• What this task involves: All of the entries must be duplicated exactly.

• Supplied material:
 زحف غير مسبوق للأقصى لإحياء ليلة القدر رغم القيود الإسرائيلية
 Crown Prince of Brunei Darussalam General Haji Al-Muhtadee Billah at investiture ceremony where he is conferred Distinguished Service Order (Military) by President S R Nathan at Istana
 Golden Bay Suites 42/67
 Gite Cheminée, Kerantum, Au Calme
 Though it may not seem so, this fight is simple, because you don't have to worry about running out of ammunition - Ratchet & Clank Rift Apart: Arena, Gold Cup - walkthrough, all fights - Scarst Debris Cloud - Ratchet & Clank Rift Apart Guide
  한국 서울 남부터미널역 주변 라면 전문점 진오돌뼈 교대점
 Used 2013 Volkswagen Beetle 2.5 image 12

• Solution to this task:
 زحف غير مسبوق للأقصى لإحياء ليلة القدر رغم القيود الإسرائيلية
 Crown Prince of Brunei Darussalam General Haji Al-Muhtadee Billah at investiture ceremony where he is conferred Distinguished Service Order (Military) by President S R Nathan at Istana
 Golden Bay Suites 42/67
 Gite Cheminée, Kerantum, Au Calme
 Though it may not seem so, this fight is simple, because you don't have to worry about running out of ammunition - Ratchet & Clank Rift Apart: Arena, Gold Cup - walkthrough, all fights - Scarst Debris Cloud - Ratchet & Clank Rift Apart Guide
  한국 서울 남부터미널역 주변 라면 전문점 진오돌뼈 교대점
 Used 2013 Volkswagen Beetle 2.5 image 12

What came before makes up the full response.